A questo si arriverà anche in Europa, anche in Italia, fra pochi decenni se si continua con questa “ingordigia” di altri con cui “integrarsi”, cioè malamente mescolarsi e progressivamente scordarsi delle proprie diversità plurisecolari, millenarie. Altro che rispetto reciproco, che si nutre soltanto quando ci si rispetta proprio per questa diversità, coltivata e tramandata ai propri figli di generazione in generazione per i secoli a venire. Il tutto però appunto con la curiosità delle altrui antiche tradizioni, il rispetto reciproco e un effettivo scambio culturale; se questo deve essere effettuato, è indispensabile che resista nel tempo ciò che desideriamo scambiarci. La vera parola d’ordine non è l’integrazione (dei mascalzoni che la pretendono per meglio dominare l’insieme dei disadattati) bensì l’arricchimento reciproco. Si devono mantenere tutte le proprie prerogative e tradizioni e farle conoscere, ammirare, rispettare. Solo così nessuno si sentirà svuotato d’ogni significato della sua esistenza. Se invece avviene il contrario, non vi sarà più nulla da trasmettersi reciprocamente e quindi nulla da rispettare. Tutti vivranno solo la loro inesistenza, la loro inutilità; e allora, come già detto, a qualcuno balza in testa che in fondo ci si può divertire con un bel tiro a segno nei confronti degli altri inutili. Poi magari ci si punta la pistola alla tempia e così la si finisce con questa sensazione di vuoto.

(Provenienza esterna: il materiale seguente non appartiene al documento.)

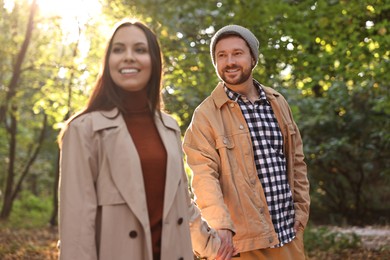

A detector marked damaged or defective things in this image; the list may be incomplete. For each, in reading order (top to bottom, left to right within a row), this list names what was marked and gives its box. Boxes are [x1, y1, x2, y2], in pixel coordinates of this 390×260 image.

rust turtleneck sweater [122, 88, 167, 260]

Dobbiamo liberarci di questi sciocchi che recitano l’integrazione, la bontà che conduce solo all’inesistenza di ogni cosa per cui valga veramente la pena di vivere. Questa ipocrita benevolenza, annullatrice d’ogni differenza, alimenta solo la svuotamento d’ogni reale esistenza, che esige il confronto, a volte anche duro, ma tutto sommato aperto all’imparare il perché e la ricchezza del nostro particolare deposito di secoli di storia, mentre nel contempo c’insegna a rispettare il deposito altrui pur esso orgogliosamente coltivato e difeso da ogni improprio e arrogante tentativo di totale livellamento, appiattimento.

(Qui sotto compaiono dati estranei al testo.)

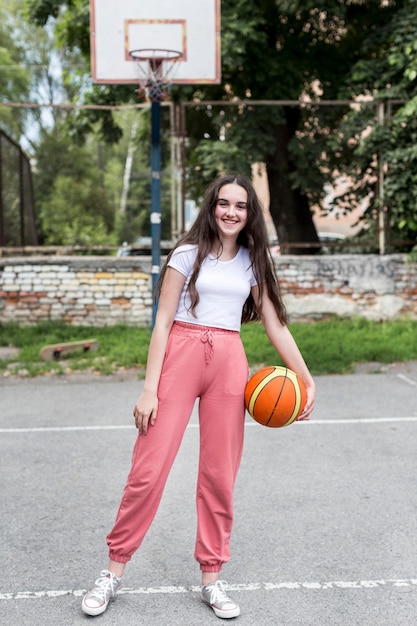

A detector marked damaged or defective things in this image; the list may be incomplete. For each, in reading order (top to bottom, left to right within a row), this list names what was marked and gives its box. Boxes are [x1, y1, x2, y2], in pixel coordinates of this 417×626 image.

Per ultimo desidero ricordare che i disgustosi sostenitori italiani dell’integrazione, dell’annullamento di ogni diversità, hanno di fatto svelato il motivo di questa loro vergognosa “propaganda” per un’eguaglianza soltanto verbale. Ben 176 parlamentari della nostra mefitica “sinistra” hanno chiesto una legge che consenta il voto a tutti gli stranieri residenti nel nostro paese da almeno cinque anni. Vogliono semplicemente questo: avere i voti riconoscenti di chi non sa un bel nulla di tutto quanto ha alimentato il nostro paese nei secoli passati. Questi distruttori del nostro avvenire avvertono d’essere alla fine del loro percorso, non hanno più nessuna risorsa politica e culturale. Ricordate però il discorso del Gattopardo? Cercare di sopravvivere in qualche modo per un altro decennio o due, per questi manigoldi significa procurarsi l’eternità. Sia chiaro a tutti: se sopravvivranno troppo a lungo, saremo alla fine tutti “sepolti”. Non c’è molto tempo per metterli in condizioni di non nuocere mai più.